Making Meaning of the Madness
Recognize you are unique among all others.
Your healing will occur in your way;
it may take quite some time,
but it will happen.
Journal: Feb ‘97
Very soon after Jeff died I found walking on the beach, through the forest, or just about anywhere quiet and natural provided a restful, restorative environment. Then five weeks after Jeff’s death, my father died suddenly of an aneurysm. Because of the compounded shock of those two deaths, much of my time was spent in a haze, bludgeoned and bewildered. Confusion became an overwhelming condition, a state that would stay with me for many months, and returns even now. My once-ordered life had suddenly come apart, and I was having a difficult time coming to the understanding that the quality of time left to me on earth was changed forever. Irrational thoughts came to me frequently.
I recall walking along a beach on Vancouver Island thinking to myself that here was where I belonged. I would sell the house, leave my teaching job and move with my wife Carol and our two remaining children to this beach area. We would bind ourselves together, protected from the elements of life and just walk the beach for however long it took to get through our misery. I didn’t follow through on those thoughts, but I certainly understand people who act impulsively under stress, groping and seeking any form of release.
Healing occurs at a different pace and in different ways for everyone. My healing has assumed a number of forms: baking bread; taking a greater interest in gardening; realizing that I need to look after me (that thought took some working through); finding a new world in computers; cultivating new friends; writing.
More than anything else, I needed time to reflect—to reflect on Jeff’s life, his death, and the staggering reality of saying goodbye.
My journal, some poetry and a biographical sketch of Jeff occupied much of my time in a very constructive manner. I found I was communicating with my son and with myself. Writing gave me an opportunity to be with Jeff in a spiritual sense, and it gave me an opportunity to come to grips with my situation and to know myself better than I ever had, some of which I didn’t like. I needed a conversation outlet, but being a fairly private individual, I found it difficult to convey my truest feelings to others. Writing provided the opportunity.

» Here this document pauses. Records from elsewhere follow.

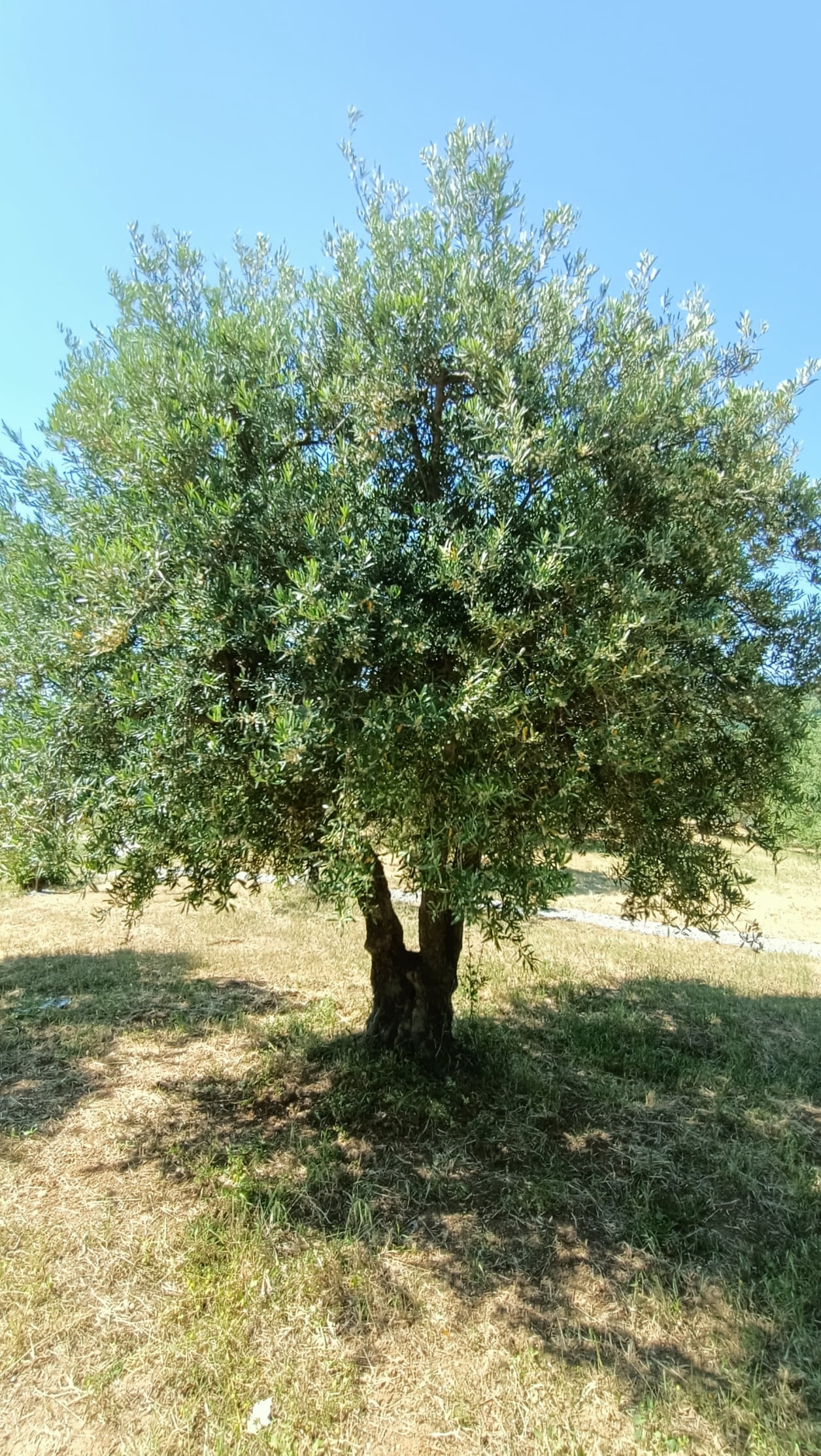 vita-olio Kalabrien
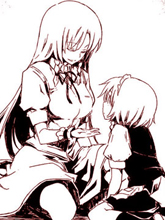 Perfect女仆帳（暫）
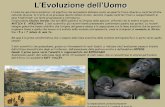 L’Evoluzione dell’Uomo evoluzione umana.pdf · Il naturalista Charles Darwin, ... evolutivo, la trasformazione dei canini uguali nei maschi e nelle femmine, tipico degli ominini.
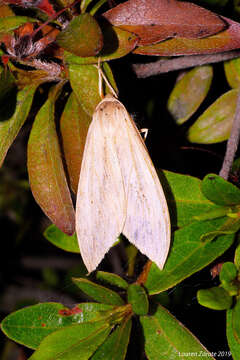 Imagem de Leucanopsis lurida Edwards 1887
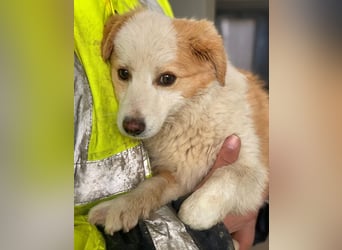 Frederic, geb. ca. 08/2025, lebt in GRIECHENLAND, im städt. Tierheim Serres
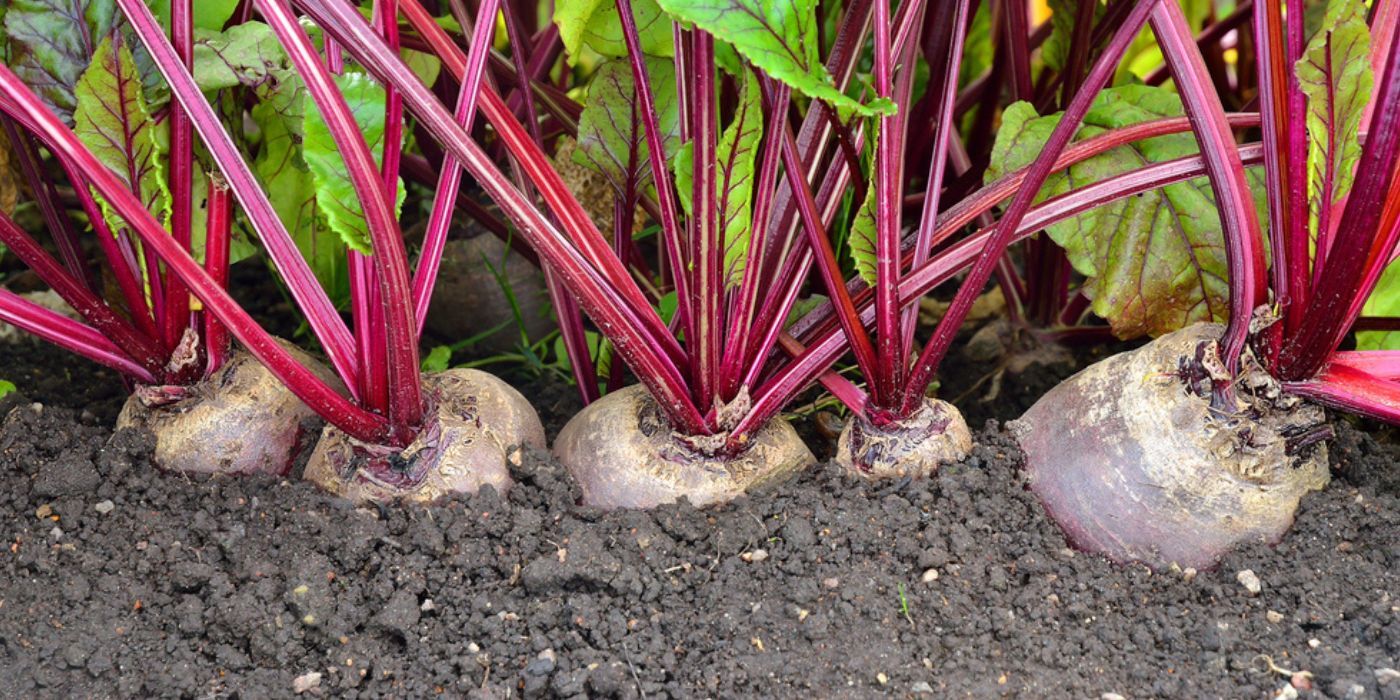 Beginner’s Guide 7 Fall Garden Plants You Can Grow With Ease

Strange how life is. Before Jeff’s death I seldom engaged in conversations of the soul, but immediately upon losing him, I had a tremendous need to do so. While a few men were able to share my grief, I found many could not, any more than I could have mere days earlier. They avoided the subject entirely. Talking with some women became a release, but logistically, often that wasn’t possible. So I found my greatest outlet and comfort in writing.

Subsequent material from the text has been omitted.